コメントをみると、中国の景気減速・株安関連やテロ事件関連のものが多く、海外情勢への懸念が根強いことが窺える(最終頁の図参照)。引続きインバウンド需要への期待が高いものの、円安による物価上昇や海外情勢への懸念など不安材料が多いことが、景況感の停滞感を一段と強めている。
2.年末年始の季節需要、インバウンド需要が下支え
家計動向関連は、サービス関連(前月差+1.9ポイント)、住宅関連(同+0.6ポイント)が小幅な上昇に留まるなか、飲食関連(前月差+8.3ポイント)が大幅に上昇したことが景況感の改善に寄与した。

企業動向関連は、製造業(前月差▲1.9ポイント)が前月から低下する一方で、非製造業(同+3.8ポイント)は2ヵ月連続で上昇した。製造業では、「消費者には節約志向が強く、販売数量等の減少が著しい。当面は回復の兆しがみえず、苦しい状況である」(東海・食料品)など個人消費の弱さを危惧するコメントのほか、「やや良くなっている業種とそうでない業種の差が大きくなっている。特に、中国製品が破格の安さで入ってくるため、国内価格が混乱している」(近畿・金属製品製造業)といったように、中国の景気減速の影響を不安視するコメントも依然多い。非製造業については、引き続きインバウンド需要が下支えとなっていることに加え、円安の一巡によって物価上昇への懸念が幾分和らいだことも、景況感に対してプラスに働いたようだ(最終頁の図参照)。

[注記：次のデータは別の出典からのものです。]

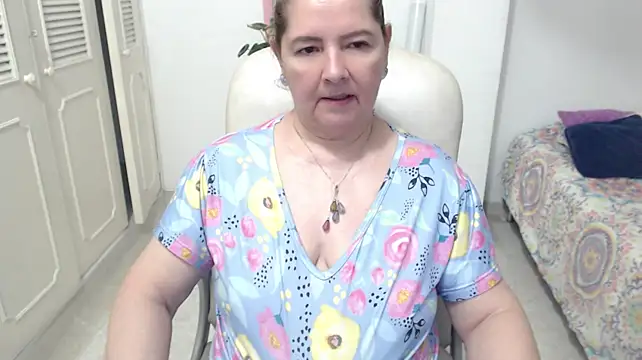 leonela_69 webcam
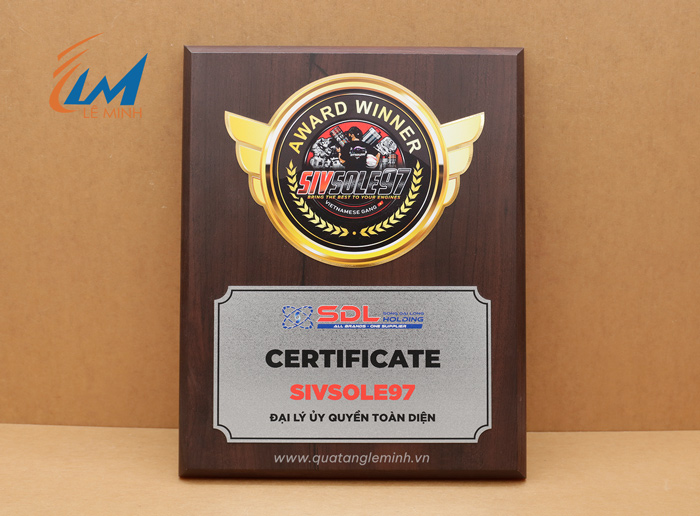 Bảng chứng nhận gỗ kim loại cắt theo hình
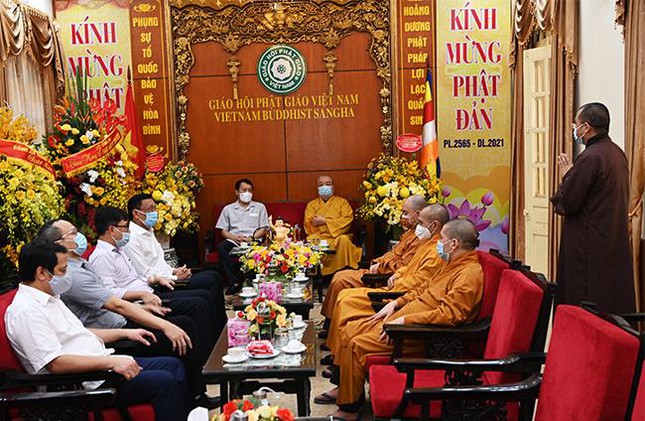 Lãnh đạo Bộ Công an, Công an TP Hà Nội chúc mừng Phật đản TƯ Giáo hội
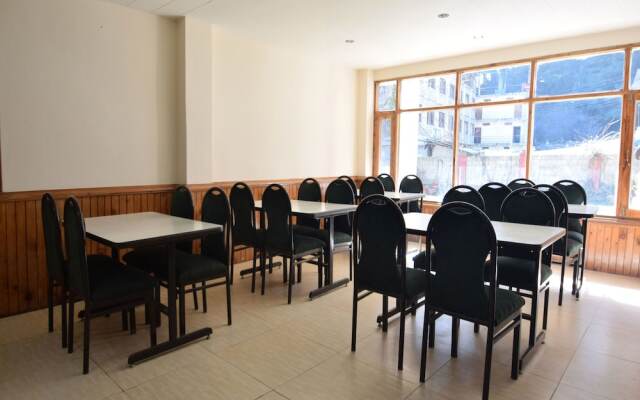 OYO 11552 Hotel Rising Star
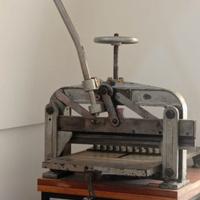 Taglia carte da banco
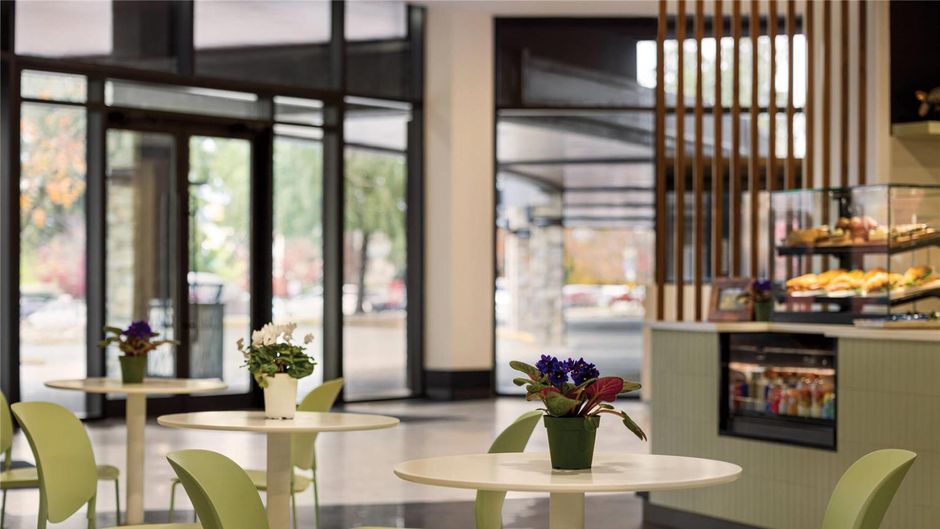 Radisson Blu Vancouver Airport Hotel Restaurant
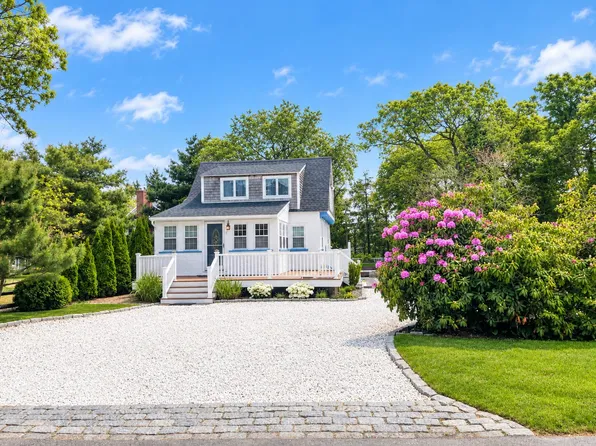 5 Bayview Road, Mashpee, MA 02649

雇用関連は、2ヵ月連続の改善となり引き続き雇用情勢が改善基調にあることを示す結果となった。「依然として、業種職種に関係なく人手不足が続いている。特に、介護業界では応募者を増やすのはもちろんのこと、離職者を減らすことにも力を注ぐことが増えており、例えば育児支援を充実させることなどを実施している企業がある」(南関東・職業安定所)や、「求人数が大幅に増加しているし、有効求人倍率も上昇しているため、景気は上向いている。しかしながら求職者数は増加せず、企業からの求人依頼に応じられないことが多くなっている」(九州・人材派遣会社)といったコメントからも、労働需給の逼迫した状況が窺える。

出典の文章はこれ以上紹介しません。